For the event, #N17 Mass Day of Action, protesters plan to shut down Wall Street in the morning and share stories in front of the Stock Exchange, occupy several subway lines and finally march to Foley Square. There are also marches scheduled in other Occupied US cities like LA and Boston and an international general strike of university students planned in cities in Spain, Belgium and Germany.
I reached out to the Arts and Culture group to see what type of actions they might have planned, but haven’t received a response yet. There was some talk on the Google group of erecting a 99% sculpture created by artist Kate Raudenbush in Zuccotti Park, maybe to rival the Mark di Suvero sculpture that has received a lot of attention from OWS lately. Di Suvero has not yet responded to the movement’s letter they sent out last week, asking the artist-activist to make a public statement against the barricades blocking his sculpture. Some members of Arts and Culture are not happy about the artist’s continued silence, especially after the raid.

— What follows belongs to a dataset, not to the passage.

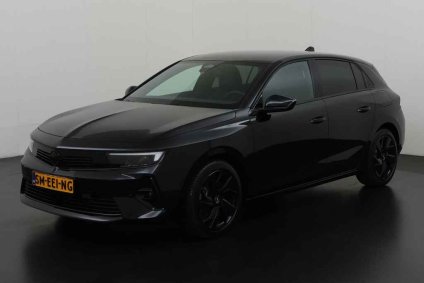 Opel Astra 1.6 Turbo Hybrid GS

If all goes to plan, #N17 will prove that OWS is not disbanding anytime soon despite attacks on the movement’s cohesion. Yet, as the raid brings up questions on what the future of this movement will look like and how successful it can continue to be, it might be time for OWS to pick and chose who they want to place pressure on.
What is needed now is not just mass actions, but also specified actions that target the institutions and corporations involved in foul play. When businesses and corporations realize that consumers are angry and willing to boycott, they quickly clean up their act. We saw a perfect example of this when Bank of America decided to cut their proposed monthly debit card fee after customers expressed their outrage over the plan. OWS of course provided much of the impetus for these complaints and the movement in general has created an increased awareness of bank greed and the power of the populous to call them out on it.
Yet while OWS has spread like wild fire to those who feel a connection to and find a voice within the movement, it has yet to really impact the lives of the 1%. It has yet to really make their discontent and anger felt by those who don’t relate, those who still don’t take the movement seriously and most importantly, the problem institutions who will continue on with business as usual unless they feel threatened. More boycotts and backlash against specific corporations that harm the middle classes will help the movement launch attacks where they will be felt most. Also with the rallying power of OWS, consumer resistance that maybe wasn’t possible before now has a fighting chance.
On an art-related note, the website Occuprint is a reminder that there is still so much left to say and so much left to do. The site, dedicated to the poster art of the global Occupy movement, allows visitors to download posters for free and distribute them however they wish. Its a grassroots action that extends universal ownership and access to the movement. This is the base that OWS has created and that will hopefully continue to thrive, whether or not Zuccotti Park remains at its heart.